Thursday, April 24, 2014

Hunter's Find by June Kramin

Note:  I received a copy of this book in exchange for an honest review
My Experience:  A

Synopsis:  Hunt is a small town Sheriff who finds himself in for more than he bargained for when he discovers Mandy beaten and unconscious. After repeated attempts of escaping him, he finds himself now her captive instead. Mandy convinces him she’s after her husband who has kidnapped their daughter and will stop at nothing to find her. 
Although his instincts tell him differently, Hunt becomes involved with her and agrees to help. What he doesn’t know is there is no child. Mandy is hiding her involvement with the FBI and the mob, and after revenge. Hunt is in over his head tracking her husband to the isolated cabin and the backlash it causes a year later.

Hunter’s Find blew me away.

Literally.

I began reading expecting an edgy thriller romance and was soon laughing at myself for such frivolous expectations based on a book cover and blurb.  Ms. Kramin uses standard action/ adventure events to cloak a harrowing story without ever sliding in to the morbid or gratuitous.  To say her characters are complex is a pathetic understatement.  By the time you realize what you think you’ve figured out isn’t the story at all, everything is falling apart *but* the characters.  What you expect to happen doesn’t and what you think could never happen in a romance book by golly does.

Frankly, Mandy makes Kate Beckett look like a girl scout that couldn't give thin mints to the starving....



The book begins in the middle of the mess that Mandy's life has become.
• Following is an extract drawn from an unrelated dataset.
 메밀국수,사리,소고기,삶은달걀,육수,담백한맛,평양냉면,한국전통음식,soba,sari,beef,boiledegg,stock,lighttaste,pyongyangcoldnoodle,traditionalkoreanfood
Recruited right out of college and with but six months of "training," Mandy was in the field, undercover, a spy without F.B.I. stamped all over her.  Abbey, her boss, knew she was already a master of compartmentalizing her emotions and had no connections left in this world, in other words perfect for what he needed.  That she believed she could serve a noble cause without losing herself in the process is a common error of the young and eager.  The mature and wise have been known to make this same error in judgment.  It wasn't hard to understand if not condone Mandy's actions once you have the bigger picture.
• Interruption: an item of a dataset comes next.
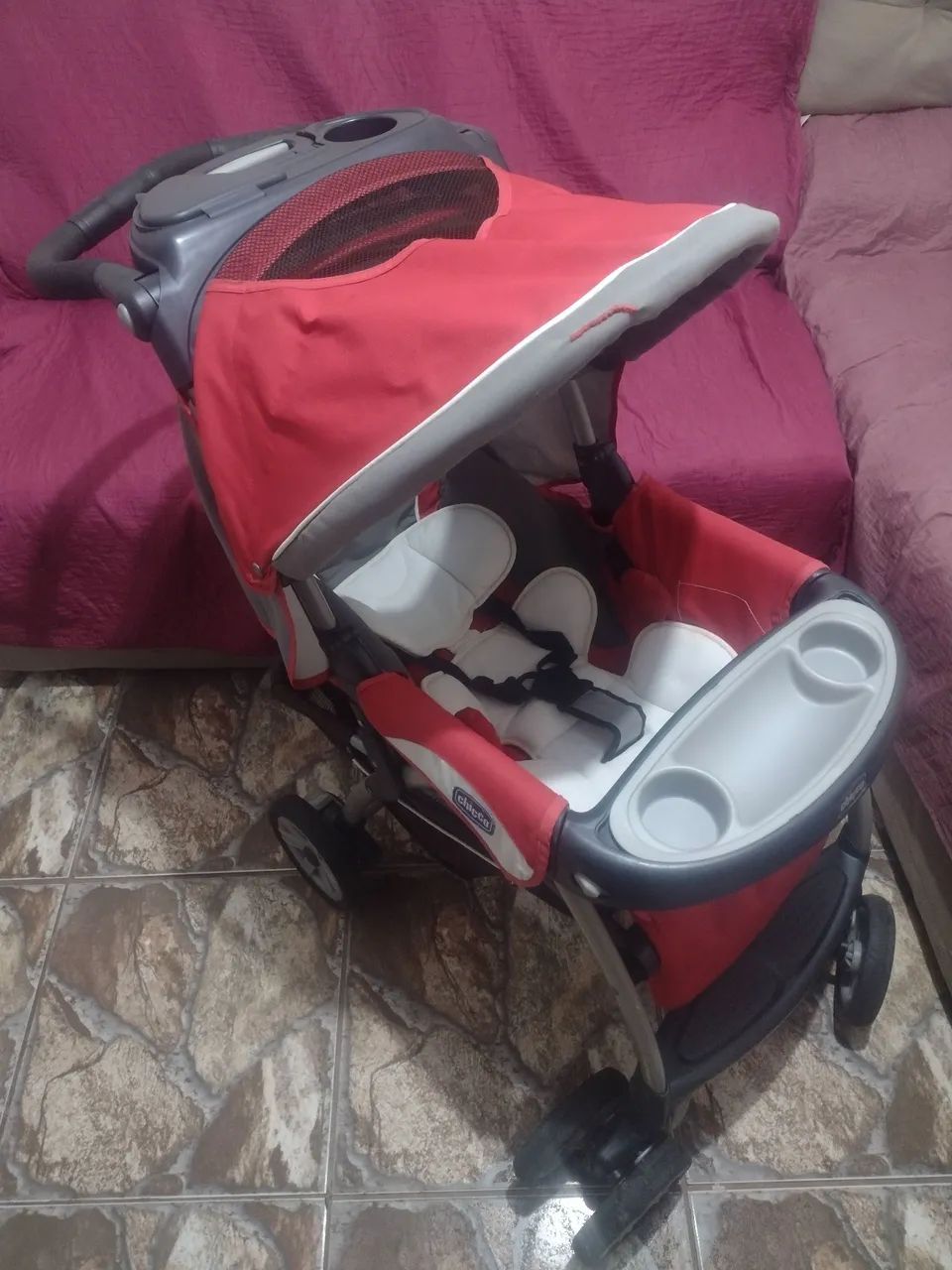 Carrinho de bebê com bebê conforto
Hunter Blaine's involvement is a fluke of serendipity or a merciful act of a benevolent universe, it's hard to tell.  Mandy doesn't believe in mercy or serendipity, to her, he's a complication she'd rather do without.  Since he's tenacious as she is, they reach the culmination of her plan together and before the blood is crusted on the cabin floor, they part - in shock, shame and with regret.  As endings to an ordinary story with a sidebar of romance, this might have been enough, a poignant sigh from the hardened realist, a nod from the righteous, just enough for novella junkie.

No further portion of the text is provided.